Il fideismo non imperversa però solo nella teologia, perché il suo parallelo filosofico, lo psicologismo, devasta la speculazione razionale non meno rovinosamente. Perciò la constatazione che, in fondo, se la teologia può influire sul pensiero cristiano, a sua volta ogni umana filosofia contiene parimenti il suo condizionamento psicologico (storico, culturale), costituisce davvero una magra consolazione. Di fatto ritenere che la sapienza non può nemmeno essere partecipe del rigore razionale e della validità universale equivale alla distruzione e della rivelazione che deriverebbe tale e quale da stati psichici, tesi fin troppo ovviamente modernistica, e del pensiero filosofico che si limiterebbe ad esplicitare delle originarie intuizioni poetiche (Heidegger) che saranno belle finché si vuole, ma vere solo hic et nunc e per tale individuale soggetto ossia non sono, alla fine dei conti, vere affatto.
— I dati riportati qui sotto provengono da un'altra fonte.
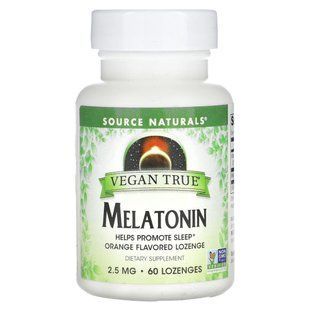 Мелатонин веганская формула Source Naturals (Melatonin) со вкусом апельсина 2.5 мг 60 леденцов купить в Киеве и Украине
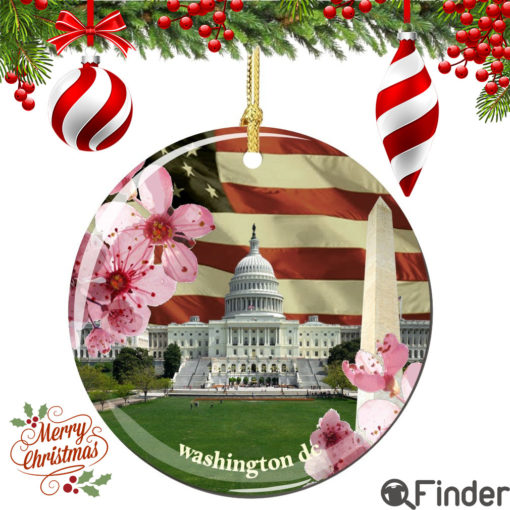 Washington DC Collage Porcelain Christmas Ornament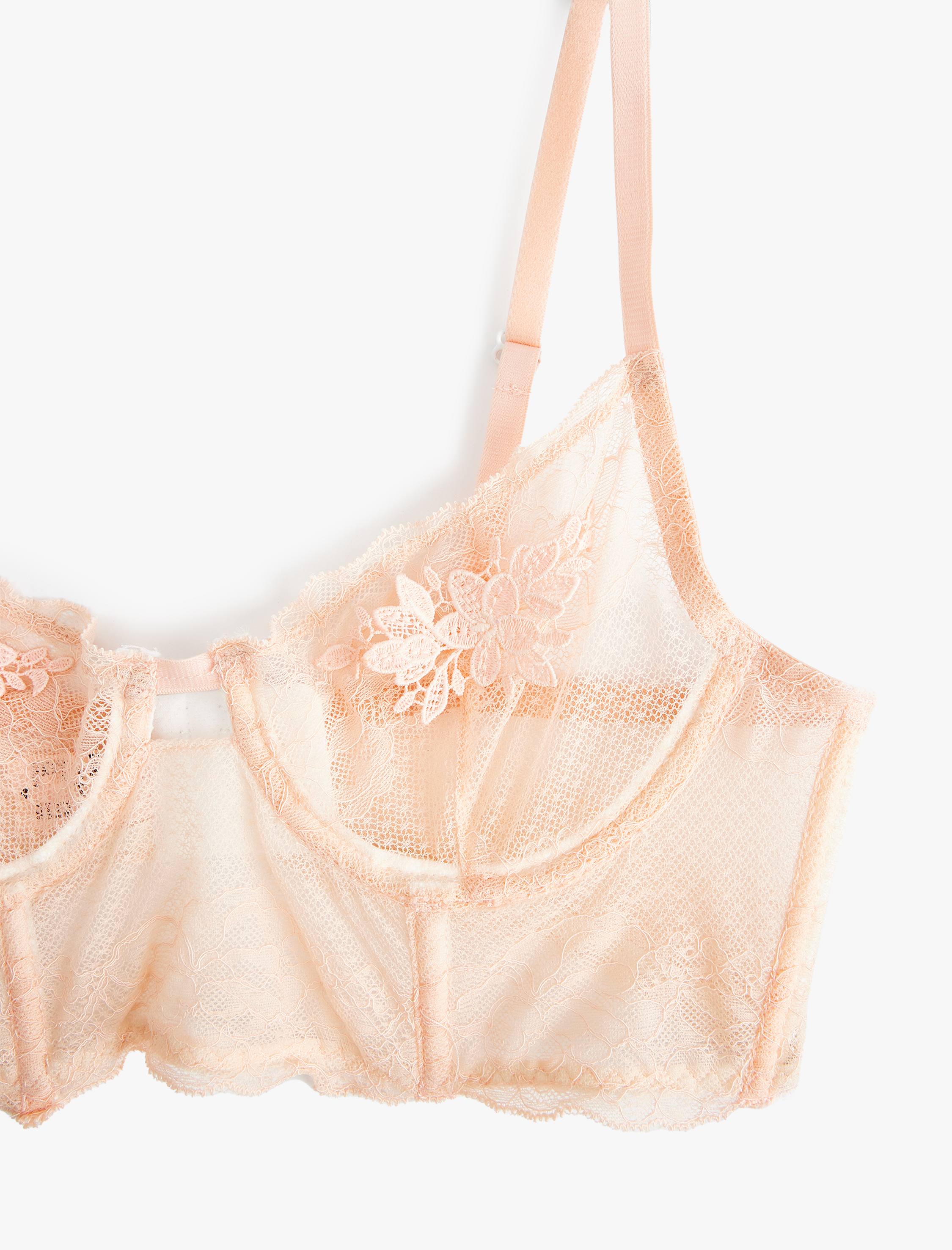   Balenli Dolgusuz Dantelli Büstiyer Sütyen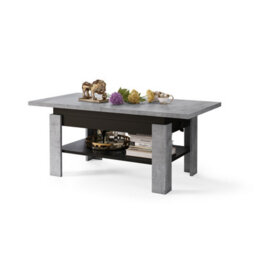 Heze Furniture Runa 2 In 1 Extending Coffee / Dining Table 130-170Cm - Concrete / Black - thumbnail 4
S. Tommaso, e la Chiesa su questo punto fece largamente suo il pensiero del Dottore Comune, proclama la distinzione delle discipline razionali -sia scientifiche che sapienziali - le quali entrambe, seppure in modi diversi, sono razionali, naturali ed universali da una parte e, dall'altra, della conoscenza soprannaturale che poggia sulla divina rivelazione e su un assenso dell'umano intelletto premosso dalla volontà (amore della verità rivelata) e dalla grazia attuale. Ed è solo rimanendo bene consistente in se stessa che la natura può dare testimonianza alla fede e similmente mantenendo la propria indipendente intellettualità naturale la filosofia potrà servire da buona ancella la teologia il che, come si vede, rivela che la tanto malintesa frase "philosophia ancilla theologiae" non solo non diminuisce la dignità della filosofia, ma addirittura ne postula la reale indipendenza. Ed in verità non vi è migliore aiuto al razionalismo immanentistico, tendenzialmente ateo, di quello datogli dal suo apparente avversario che è il fideismo irrazionale - se tutto fosse fede, la fede stessa potrebbe anche essere pura opinione, ma, siccome Dio obiettivamente è, e la ragione da sé, antecedentemente all'assenso di fede, lo riconosce tale, la Sua parola sarà a sua volta altrettanto obiettiva e reale. Se Dio esiste solo perché si crede in Lui, la stessa fede sarà priva di un fondamento nell'essere e risulterà opera del solo pensiero, edificante finché si vuole, ma solo soggettivo e al limite arbitrario. E allora avrà ragione Feuerbach a dire che in tal caso non l'uomo è opera di Dio, largitore di essere, ma al contrario Dio è opera dell'uomo elucubratore di ideali o, come direbbe Kant, costruttore di castelli in aria. Una teologia che disprezza la ragione non può che essere cattiva teologia e una fede che pensa di poter prescindere dalla natura intellettiva dell'uomo, aperta alla realtà dell'ente, di fatto distrugge se stessa. La fede suppone la ragione e la rivelazione soprannaturale suppone la certezza razionale naturale che Dio esiste e che può comunicarsi all'uomo.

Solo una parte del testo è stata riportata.